Please actually read my post, all those ARE Mandarin2 dialects.  This is not stuff about any Yue/Wu/Xiang/etc. dialect. How do you determine how a speaker of a Mandarin2 dialect like Chéngdū pronounced Mandarin1, if not looking at likely influences from their native dialect?


----------



## 南島君

Neqitan said:


> Please actually read my post, all those ARE Mandarin dialects.  This is not stuff about any Yue/Wu/Xiang/etc. dialect.



Please do actual read my post, too. This thread is *not about dialect*, but how Chinese(s) from different areas pronounce the retroflex consonants in Chinese common language, the Mandarin1/普通話.

As you had pointed out in your posts, some Mandarin2 Dialects do not have retroflex consonants. In that case, it is to my great interest to ask you: how do these speakers of Mandarin dialects de-retroflex ["retroflexs" in their dialects - which in fact do not exist] if there aren't any retroflexs in their dialects?


----------



## Serafín33

南島君 said:


> Please do actual read my post, too. This thread is *not about dialect*, but how Chinese(s) from different areas pronounce the retroflex consonants in Chinese common language, the Mandarin1/普通話.


What's the difference between "dialect" and "how Chinese from different areas [speak]"?


> As you had pointed out in your posts, some Mandarin2 Dialects do not have retroflex consonants. In that case, it is to my great interest to ask you: how do these speaker of Mandarin dialects de-retroflex ["retroflexs" in their dialects - which does not exist] if there aren't any retroflexs in their dialects?


Well, this would suppose a notion that these dialects de-retroflex zh, ch, sh, r from the point of view of dialects with them in the first place, which I don't agree with either.

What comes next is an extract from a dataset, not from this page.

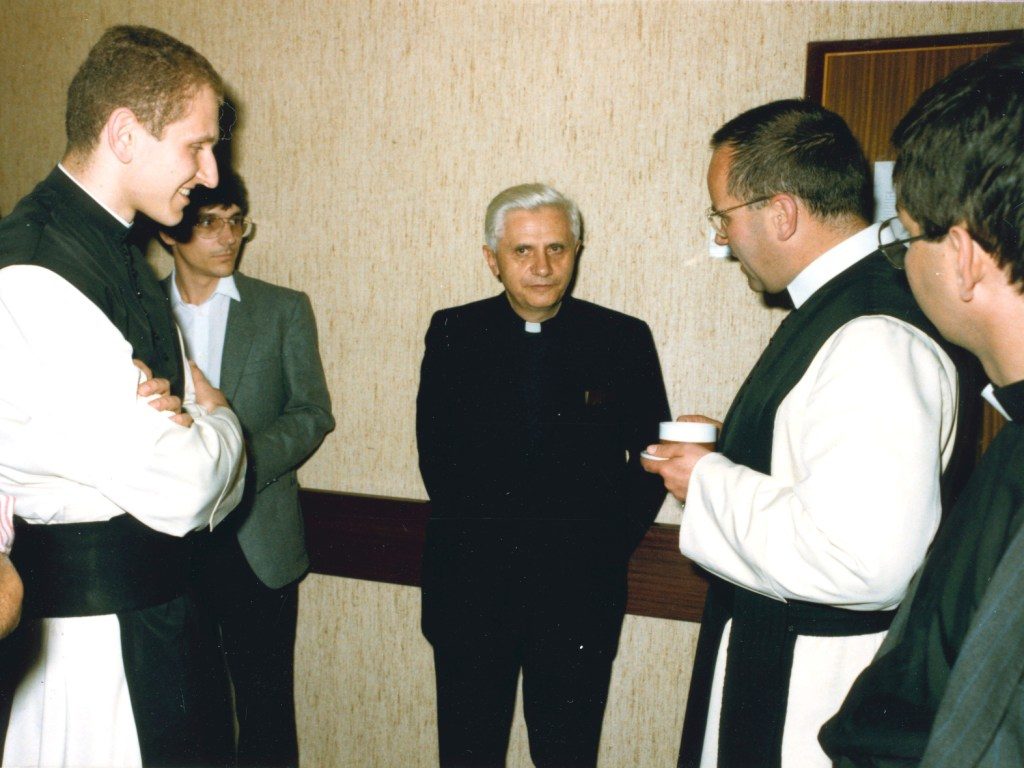 Kardinal Ratzinger In Heiligenkreuz Stift Heiligenkreuz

IMO it just happens that these modern dialects evolved with no retroflex consonants... and that's that.


----------



## 南島君

Neqitan said:


> What's the difference between "dialect" and "how Chinese from different areas [speak]"?

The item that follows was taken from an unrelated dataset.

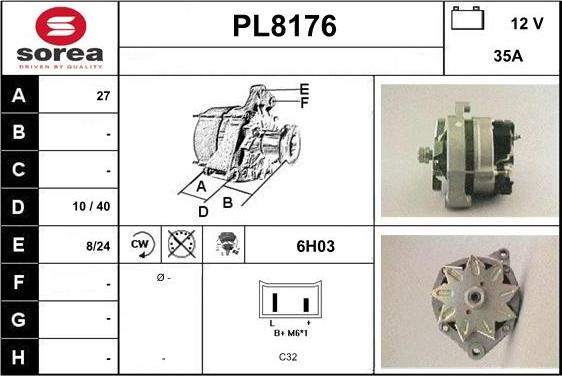 SNRA PL8176 - Генератор avtolavka.club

Please do read my words in the way i wrote them. What i wrote is (i have to add annotation for seems like we do not have common ground on these lines): This thread is not about dialect(s) [Mandarin dialects, in this discussion], but how Chinese(s) from different areas pronounce the retroflex consonants in Chinese common language, the Mandarin1/普通話.
Which means this is a not about how Chinese(s) speak their dialects[官話方言] but how they speak their common language[普通話]. All the information you'd provided -The wiki-directing link, the youku video, the field study data extracted from _Introduction to Chinese dialectology _[Ok i didn't go through this book but i read its introduction], are all about dialect.




Neqitan said:


> Well, this would suppose a notion that these dialects de-retroflex zh,  ch, sh, r from the point of view of dialects with them in the first  place, which I don't agree with either. IMO it just happens that these  modern dialects evolved with no retroflex consonants... and that's  that.

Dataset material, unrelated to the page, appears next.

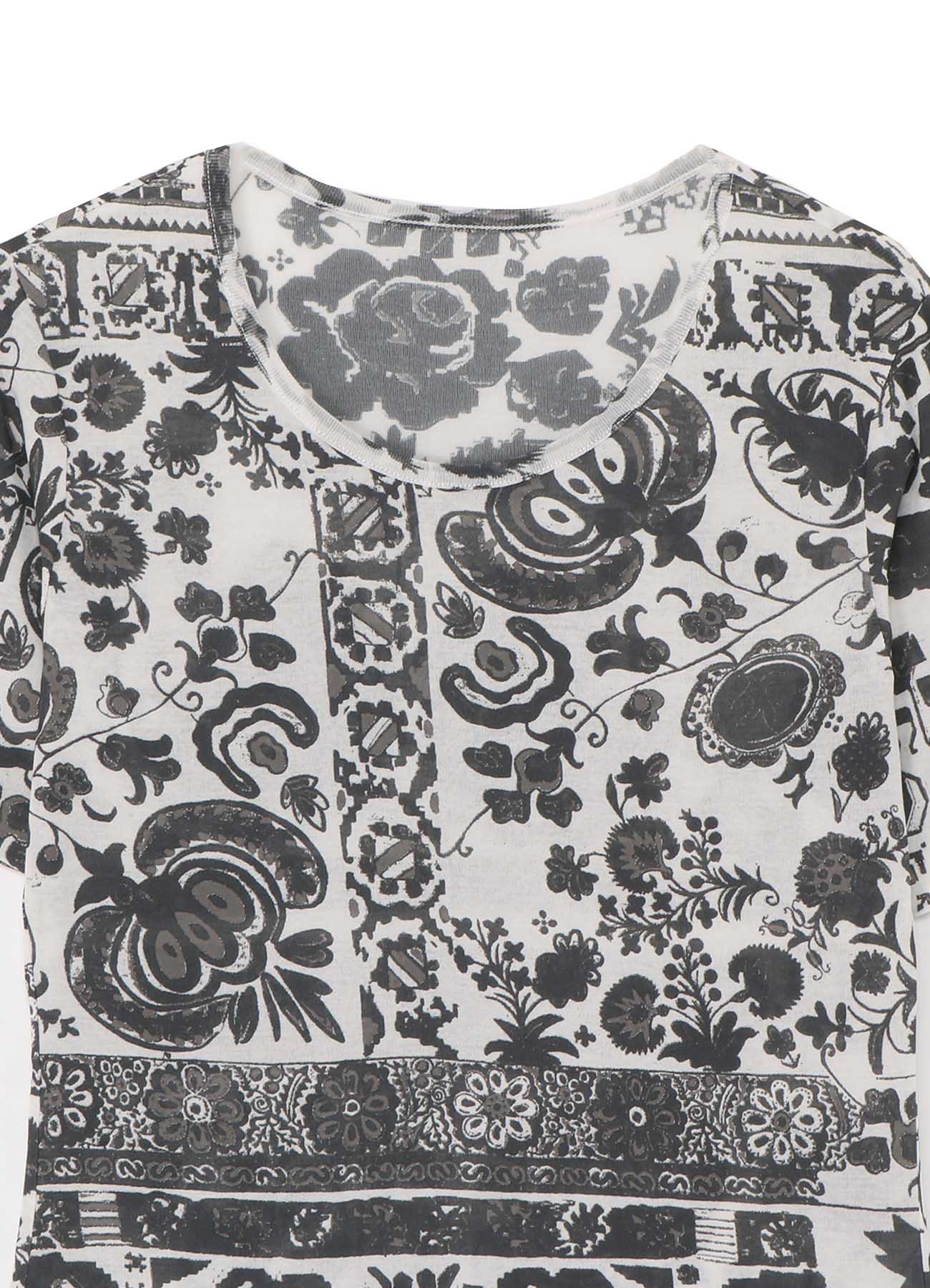 BATIK PRINT SHORT SLEEVE TOP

It is because these dialects are never considered a subject to discuss, it is wrong to put them under the examination of de-retroflex process in the first place.


----------



## Serafín33

Oh, now I get your point. It just happens that's what I thought Ghabi was asking about, if you read the thread that Ghabi linked to in the first post, it comes from a discussion with a speaker from Beijing, so it could go one or the other way (Mandarin2 dialects or Mandarin1 pronunciations).


----------



## bamboobanga

我是天津人，天津话里面有时候，比如说 揉揉 (rou2 rou)，有些人会说成 (you2 you)


----------



## Ghabi

@Netiqan: I was thinking of Mandarin, not really the other Chinese spoken varieties, but thank you so much all the same for doing the lovely research and introducing me to that book of Chinese dialectology. Looking forward to having some interesting discussions about the Chinese languages with you in the future!

@南島君: Thanks so much for clarifying the intent of my question, which is certainly not phrased in the best possible way! Yes (you've read my mind!), I was wondering about the sociolinguistic factors and phonological contexts that may result in de-retroflexation, if any, in Mandarin.


----------